Me: Okay, knock it off. I need to get a post up and get back to those other reviews in progress.
Me: Bill
Me: Oh, don’t get cranky with me, buddy…

Me: Grrrrrrrr! (thinks: https://www.youtube.com/watch?v=MQnToZYGAoY)

Me: Um, I know what you’re thinking, you know.
Me: Hmph. Well IF you did, then you’d also know that big ol’ box ends up costing not too much more than the regular editions IF you think about it…
Me: Be that as it may, the chances of me buying that set are like the chances Skybound will send me one to review.
Me: Well. it COULD happen!
Me: Yeah, sure. Well, I’ll let you go handle that and see what the results are. Good luck, pal.
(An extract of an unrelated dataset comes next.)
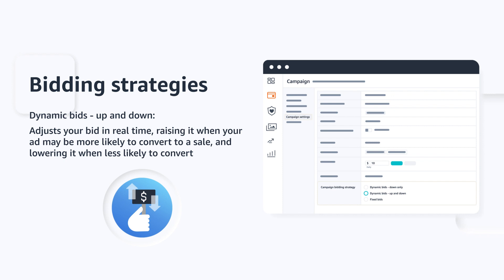This strategy is best used with campaigns that feature ASINs running deals, ASINs with excess inventory, or high-performing campaigns to help maximize results.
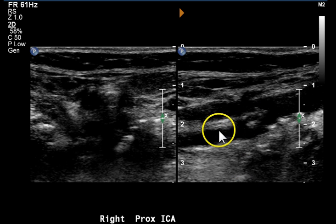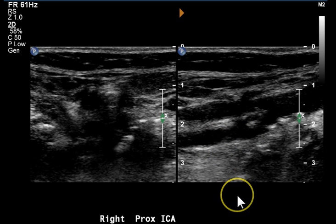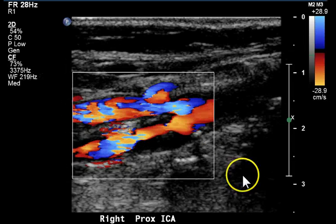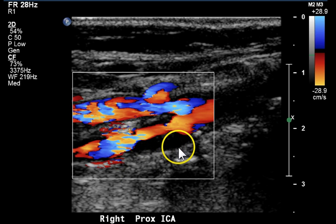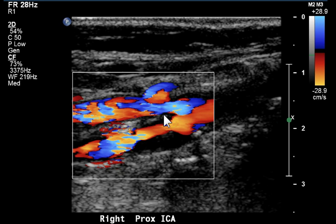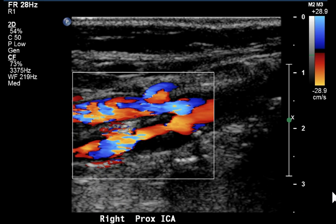The hypoechoic plaque producing this small area of flow lumen is not well appreciated on the grayscale image, but can be seen very nicely on the color Doppler image. Here we see a large area of hypoechoic homogeneous plaque, with a smaller area in the anterior portion of the vessel. This mixture of colors is sometimes known as the color confetti sign, which is a sign of turbulence.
Me: Well, first, let me go make some wall space for that bo setx…
Me: What?
Me: (pulls out big ACME rubber sledgehammer):Hey, you DID say we needed more wall space once, so I’m gonna go make some…
Me: Wait a minute!
Me: Too late! (swings hammer at wall, whereupon is bounces off and knocks me out cold.
Me: Well, that’ll learn ya. Again. Good thing that store only sells rubber hammers.